**Given material:**
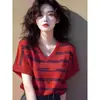 Verão 2026 Novo Estilo Coreano Fashionável e Jovem Único e Bonito Top Tricô Camiseta Listrada Vermelha para Mulheres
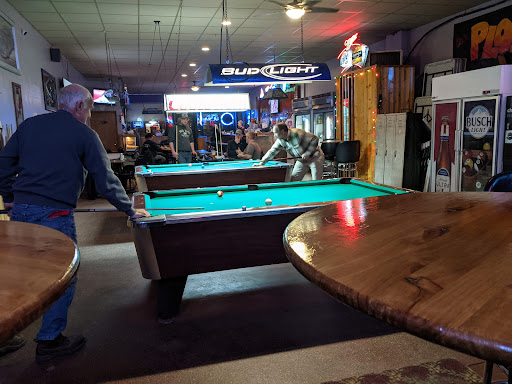 Ratzo's Pool Hall - Visual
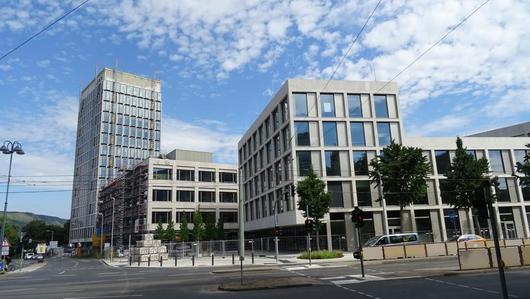 Staatlicher Gebäudekomplex bestehend aus drei Gebäuden im MineCroft-Stil mit 4, 3 und über 10 Etagen. Alle Gebäude haben moderne Glasfensterfronten. Teilweise sind noch Gerüste an der Fassade angebracht.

**Work instructions:** Please print the data above once more, exactly and without images.

**Exercise answer:**
 Verão 2026 Novo Estilo Coreano Fashionável e Jovem Único e Bonito Top Tricô Camiseta Listrada Vermelha para Mulheres
 Ratzo's Pool Hall - Visual
 Staatlicher Gebäudekomplex bestehend aus drei Gebäuden im MineCroft-Stil mit 4, 3 und über 10 Etagen. Alle Gebäude haben moderne Glasfensterfronten. Teilweise sind noch Gerüste an der Fassade angebracht.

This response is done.